The Todhunter girls, with Miss Dickerman and Miss Goodwin, went with me to the airmail post-office, temporarily set up on Pennsylvania Avenue between 14th and 15th Streets. There is a large sleeper plane cozily parked beside the post-office. How they ever got it there is a marvel to me. I imagine many people will examine the berths food, service and the like, during this week.
I was presented with a large sheet of stamps. Mr. Vincent Burke, the Postmaster for the District of Columbia, seemed to think it was appropriate for me to receive them, but I know better. If they are not turned over to my husband, I am sure I will soon hear about it! Collectors never seem to have enough of whatever they collect and I really think one should be thankful when it is stamps, because they take up comparatively little space.
We were shown a model of one of the early airmail transports with a little open cockpit and one propeller. This industry has certainly made marvelous strides since those early days.
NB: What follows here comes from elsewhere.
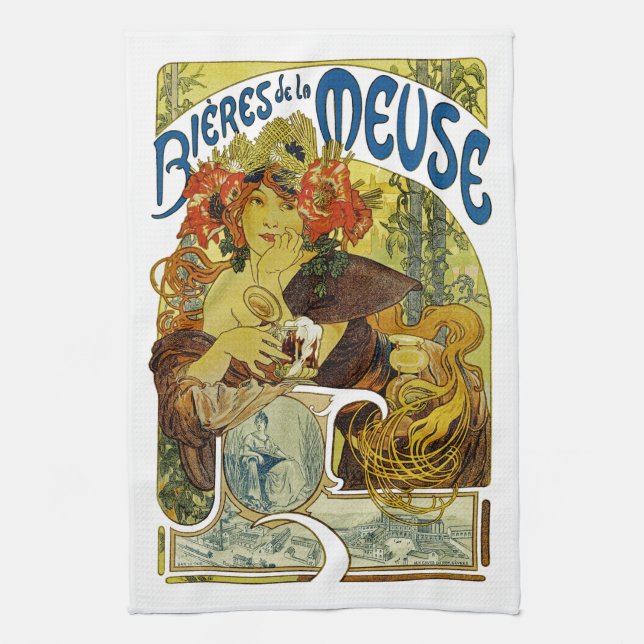 Bieres de la Meuse Tea Towel (Vertical)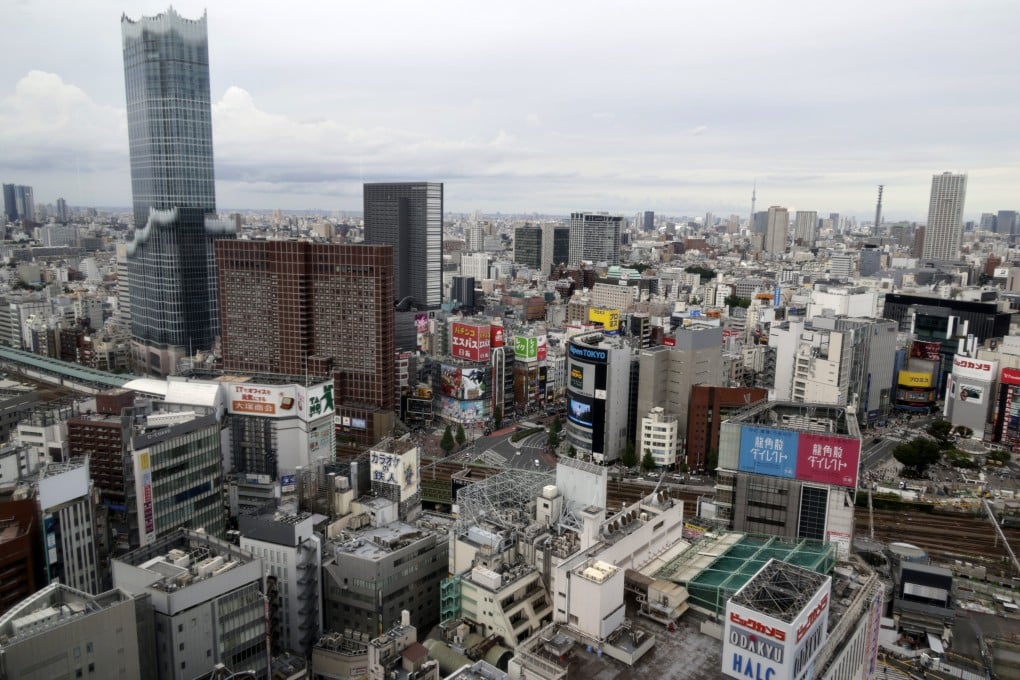 The Shinjuku commercial, business and entertainment district in Tokyo, Japan, on August 17. Photo: EPA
The Todhunter girls left for New York City in the afternoon and at 5:00 o'clock I received the ladies of the Texas Garden Clubs, who have been touring this vicinity. They brought with them Senator Alberto Salinas Carranza of Mexico, who came to extend a personal invitation to me to accompany the Garden Club to Mexico. Next year's annual meeting of the Garden Clubs of America is to be held in Arkansas, I believe, and they are planning on this trip to Mexico as a side trip.
In a very charming speech they explained they could bring me none of their flowers so, instead, they brought me a cake decorated with flowers made in varied colored icing made by one of their members. It is quite the most intricate and beautiful frosting I have ever seen. I kept it for supper when the President returned from his very wet two days on the boat, and put it in front of him so he could enjoy it before cutting it. I did not feel that anyone had any right to destroy so much work, but we couldn't keep it and it tasted very good.
Among other people, Mrs. J. Borden Harriman, Minister to Norway, had supper with us last night. I have never seen anyone more enthusiastic than she is about her experiences there. The ladies who have been envoys to Scandinavian countries seem to find them sympathetic. She has made a study of homecraft work which is extremely interesting and I think will be valuable to us in some of the efforts we are making to develop craft work in the rural homes of this country.
I left early this morning. While it was windy and very cool for this time of the year, it was nice to see the sun sparkling on the Potomac River.